In the second chapter, Taleb tells the story of the author, Yevgenia Nikolayevna Krasnova, and her book ‘A Story of Recursion.’ She published her book on the web and was discovered by a small publishing company; they published her unedited work and the book became an international bestseller. The small publishing firm became a big corporation, and Yevgenia became famous. This incident is described as a Black Swan Event.

In the third chapter, Taleb introduces the concepts of ‘Extremistan’ and ‘Mediocristan.’ He uses them to define predictability in the environment one is studying. Mediocristan environments safely can use a normal (bell-shaped) distribution. In Extremistan environments a normal n distribution is assumed at one’s peril.

The term black swan was a Latin expression — its oldest reference is in the poet Juvenal expression that ‘a good person is as rare as a black swan.’ It was a common expression in 16th century London as a statement that describes impossibility, deriving from the old world presumption that ‘all swans must be white’, because all historical records of swans reported that they had white feathers. Thus, the black swan is an oft cited reference in philosophical discussions of the improbable.

Rare and improbable events do occur much more than we dare to think.

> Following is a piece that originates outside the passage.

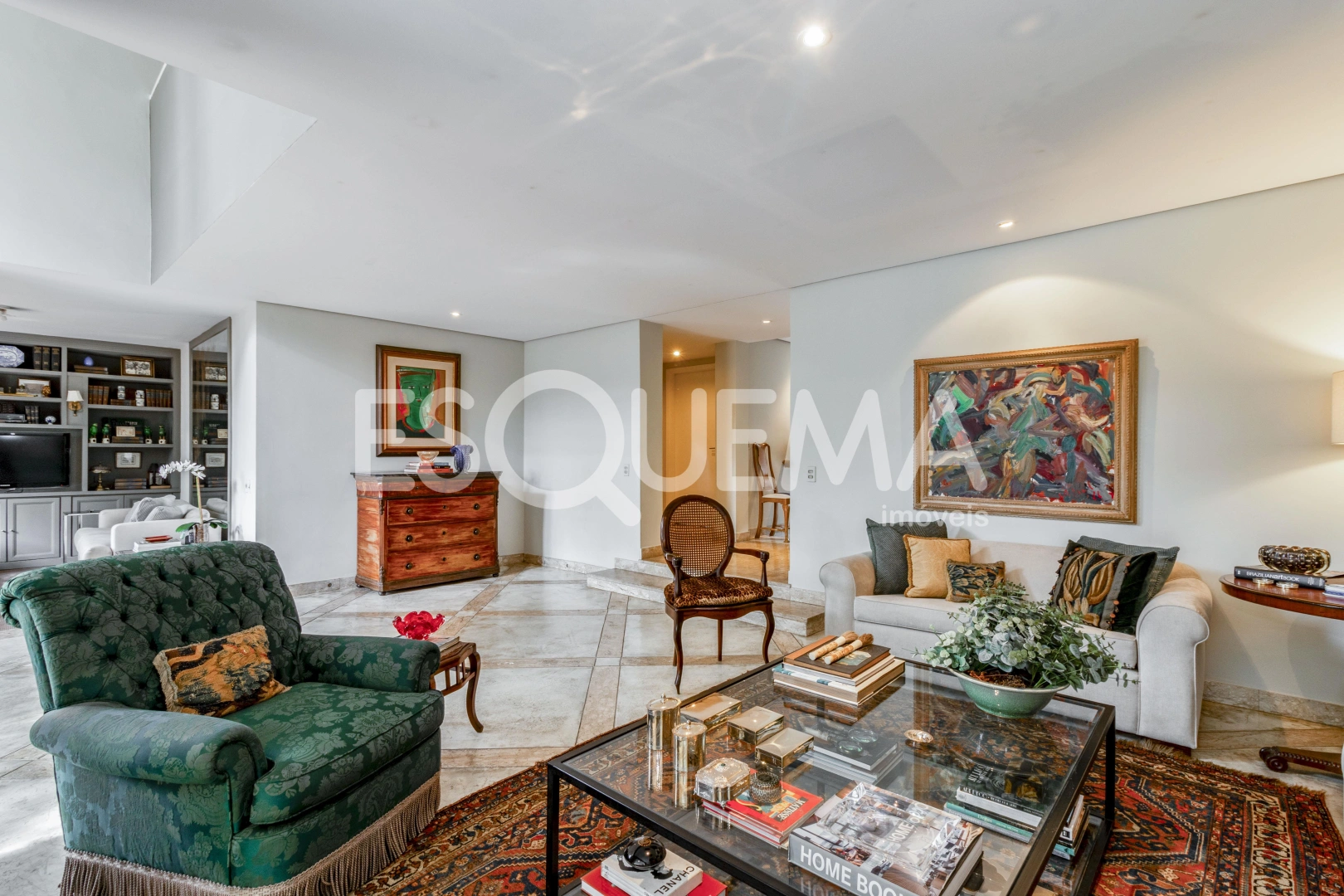 Casa com projeto assinado ao lado do Parque Ibirapuera - Imagem 9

Our thinking usually is limited in scope and we make assumptions based on what we see, know, and assume. Reality, however, is much more complicated and unpredictable than we think. Also, assumptions relevant to average situations are less relevant to irregular situations, especially when the ‘rules of the game’ themselves do change.

Extreme events do happen and have a great effect. The effects of extreme events are even higher due to the fact that they are unexpected. Examples given by Taleb are the September 11, 2001 attacks, the rise of the Internet and particularly Google, and World War I. The results of these were hardly thought of before but were tremendous.

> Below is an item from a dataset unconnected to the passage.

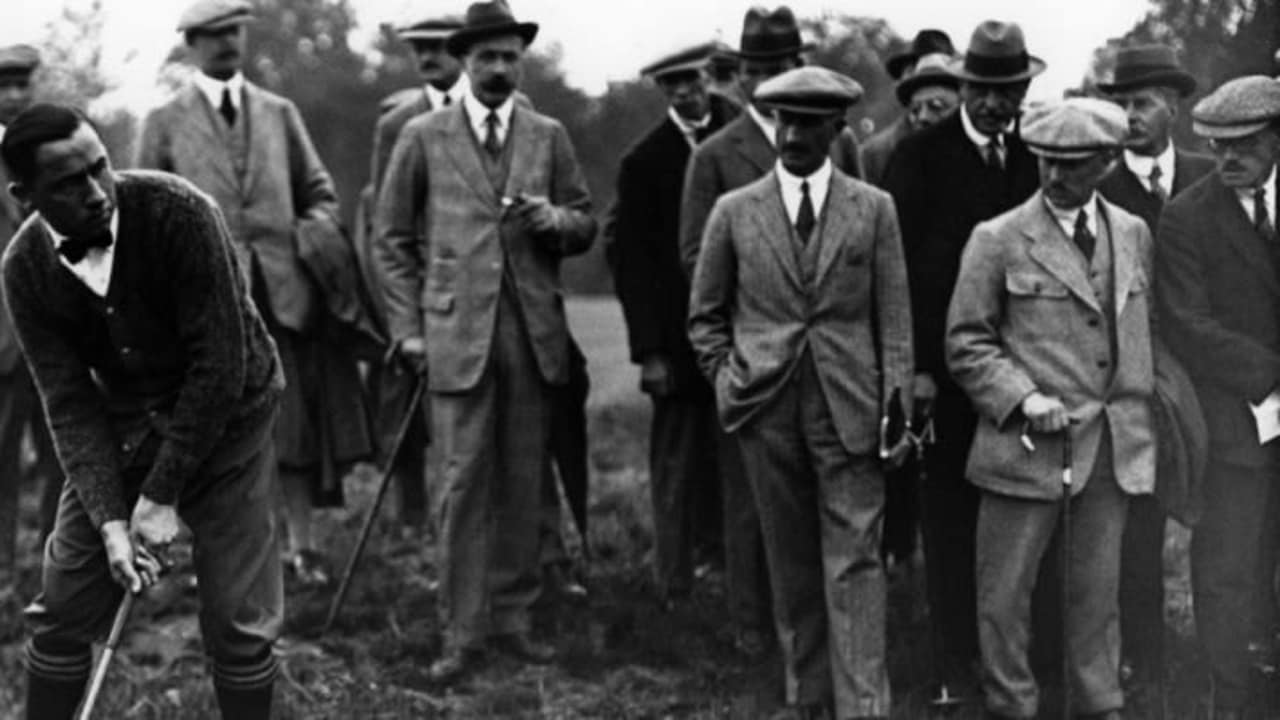 WALTER HAGEN british open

Before Taleb, those who dealt with the notion of the improbable, such as Hume, Mill, and Popper focused on the problem of induction in logic, specifically, that of drawing general conclusions from specific observations. Taleb’s Black Swan Event has a central and unique attribute, high impact. His claim is that almost all consequential events in history come from the unexpected—yet humans later convince themselves that these events are explainable in hindsight (bias).

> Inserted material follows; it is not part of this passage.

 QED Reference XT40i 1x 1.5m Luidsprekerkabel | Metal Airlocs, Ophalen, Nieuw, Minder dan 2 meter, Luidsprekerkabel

Why are humans often caught off guard by or slow to recognize the rare and novel? Partly because built into the very nature of our experience is the propensity to extend existing knowledge and experience to future events and experiences. Taleb argues that the proposition ‘we know,’ in many cases, is an illusion, albeit a necessary one; the human mind tends to think it knows, but it does not always have a solid basis for this delusion of ‘I know.’

This notion that we do not know is very old, dated at least as far back as Socrates. The Socratic method of questioning and avowal of ignorance is the type of corrective action to the delusion that we know something completely and truly.